Unsere grösste Angst ist es zurzeit, dass die Schlacht um Damaskus ausbrechen könnte. Diese Grossstadt liegt nur etwa 30 Kilometer von unserer Grenze entfernt. Schon jetzt haben wir 1,2 Millionen Flüchtlinge im Libanon. Was wird geschehen, wenn weitere 500‘000 kommen? Wir haben doch selbst nur vier Millionen Einwohner. Die Grenzen sind offen – die Menschen brauchen nicht einmal einen Pass, um in den Libanon zu kommen. Dann dürfen sie sogar arbeiten. Bereits vor dem Krieg wurden alle niederen Arbeiten im Libanon von Syrern verrichtet. Doch langsam stossen wir an unsere Grenzen. Wir können eigentlich nicht alle aufnehmen, aber sie sind nun einmal da. Ich habe keine Ahnung, was wir tun sollen.

Welche Zukunft sehen Sie für Syrien und den Nahen Osten?

Ich sehe ehrlich gesagt ziemlich schwarz. In Syrien setzt sich ein Dominoeffekt fort, der bereits im Irak, in Libyen und in Ägypten stattgefunden hat, und von dem ich hoffe, dass er nicht auch noch auf Jordanien und den Persischen Golf übergreift. Ich glaube, dass irgendjemand da draussen die Landkarte des Nahen Ostens ohne Rücksicht auf Menschenleben und Schicksale neu zeichnet.

Das klingt ja beinahe nach einer Verschwörungstheorie. Wer würde denn von so einer Neuordnung profitieren?

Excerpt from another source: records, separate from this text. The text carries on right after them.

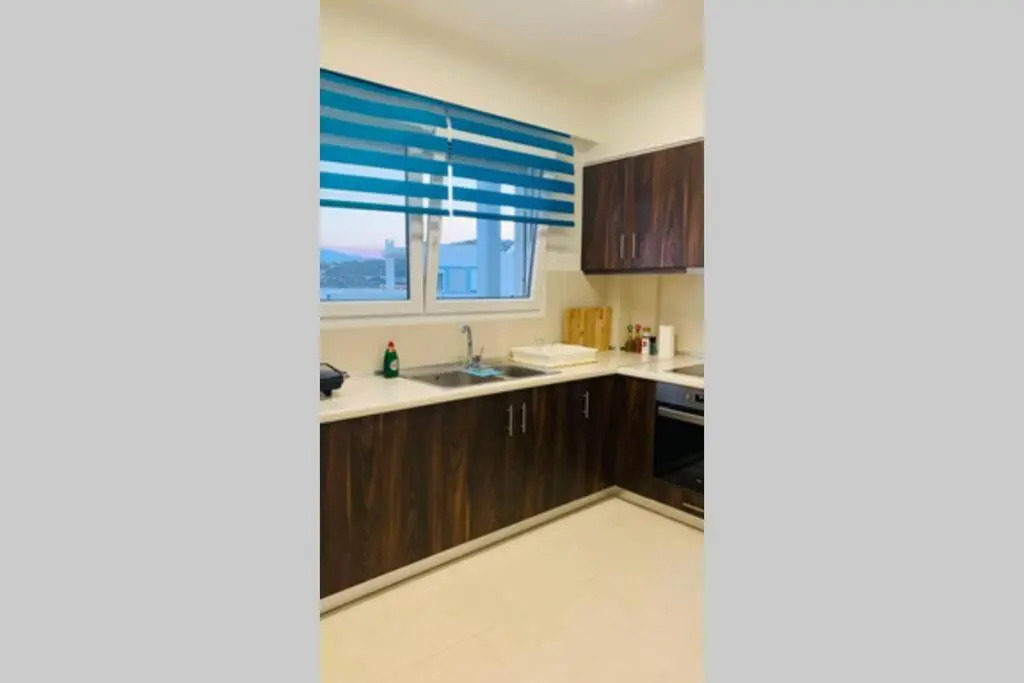 AKROTIRI ELEGANT SUITE No1
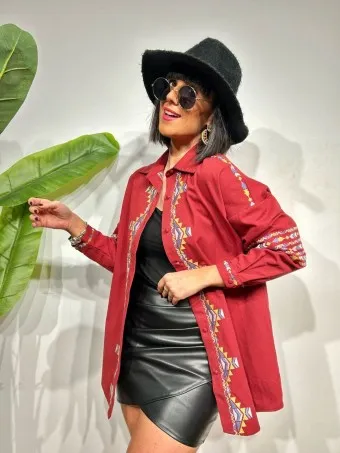 Sobrecamisa Étnica Bordados SAMAY Burdeos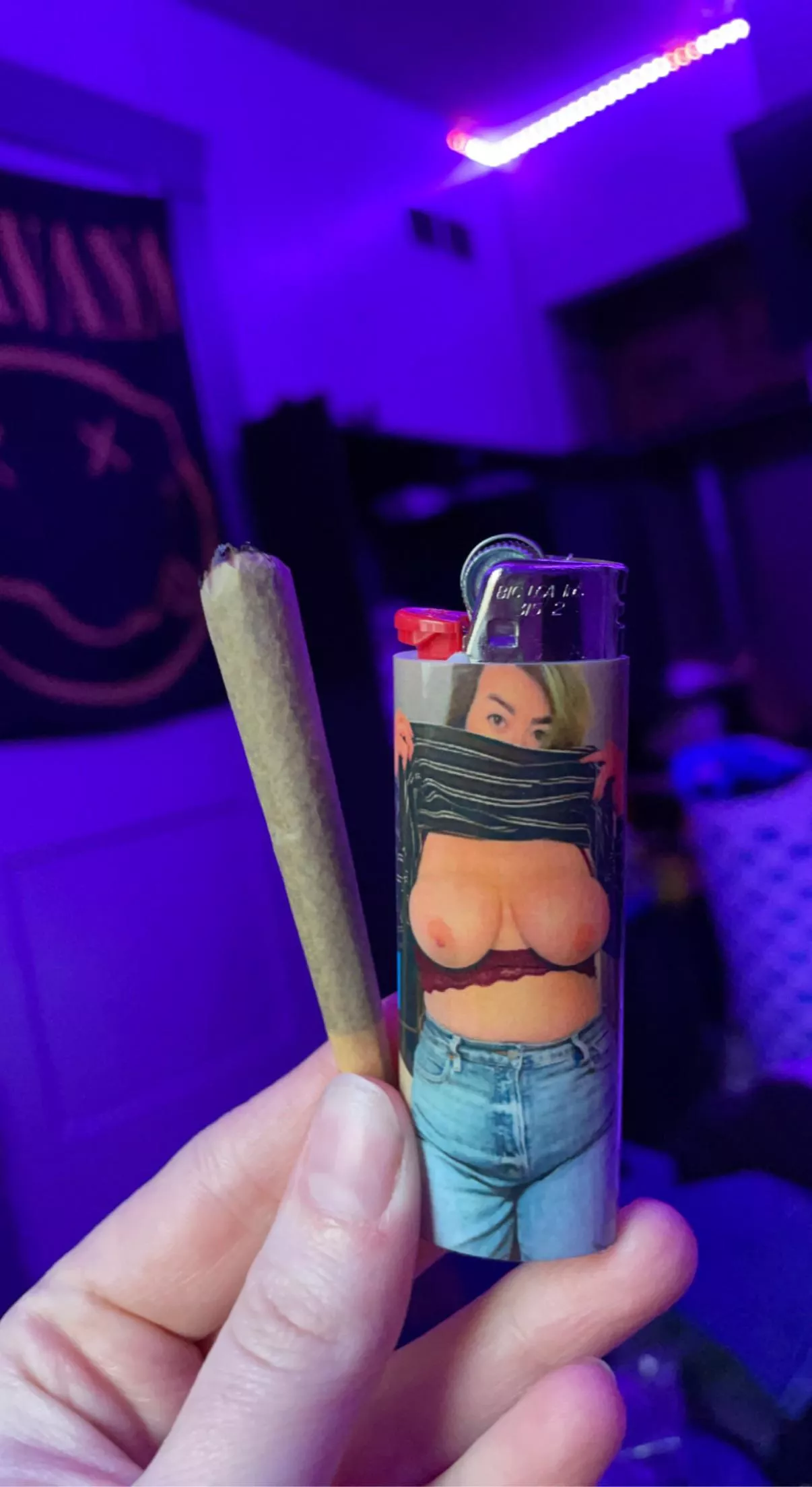 using a lighter with your own tits on it to light your joint just hits different 😶‍🌫️ (21/f)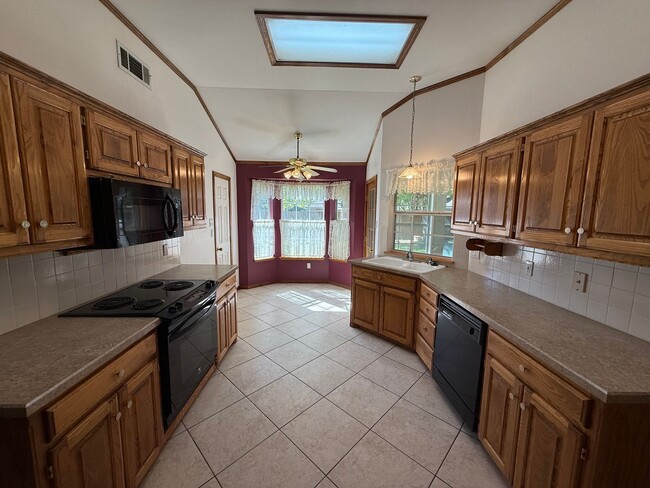 Building Photo - Beautiful 4 Bedroom Home Located in the Zi...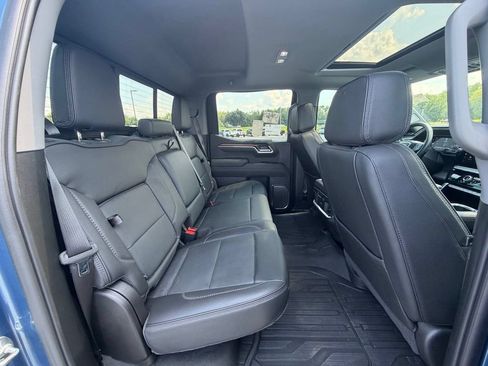 Used 2025 GMC Sierra 1500 Denali w/ Denali Reserve Package AWD/4WD image 12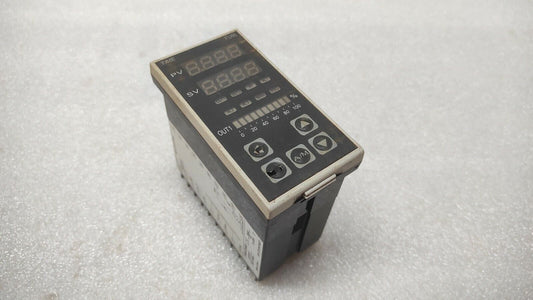 HONEYWELL FY800-701000 PID TEMPERATURE CONTROLLER 85-265VAC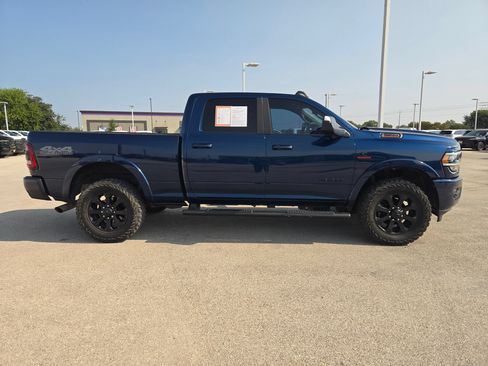 Used 2022 RAM 2500 Laramie w/ Night Edition AWD/4WD image 2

Ich weiss nicht, wem oder was das dienen soll. Ich kenne die Motive nicht, die dahinterstecken. Vielleicht geschieht es, um einige Nachbarländer zu entlasten. Vielleicht, um die Region von seinen Minderheiten und insbesondere von seinen Christen zu säubern. Ich weiss es nicht, denn ich bin kein Politiker. Ich möchte hier keine Hypothesen ohne Faktengrundlage aufstellen. Aber was ich feststellen muss, ist, dass wir Christen die grössten Verlierer und Sündenböcke dieser ganzen Entwicklung im Nahen Osten sind. Solange die westlichen Mächte das nicht wahrhaben wollen und weiter ihre eigenen Interessen verfolgen, statt die Bedürfnisse der Menschen unserer Region an die erste Stelle zu setzen, kommen wir nicht weiter. Das Engagement des Westens im Nahen und Mittleren Osten ist widersprüchlich. Auf der einen Seite wollen sie Demokratien fördern, aber auf der anderen Seite unterstützen sie Theokratien. Auf der einen Seite predigen sie den Laizismus und die Trennung von Staat und Religion. Aber auf der anderen Seite unterstützen sie Länder, deren Staatsreligion der Islam ist. Warum ist das so? Das können wir im Nahen und Mittleren Osten nicht verstehen. Ich sage Ihnen: Amerika und Europa halten die Zukunft der ganzen Welt in ihren Händen. Was machen Sie mit dieser Verantwortung?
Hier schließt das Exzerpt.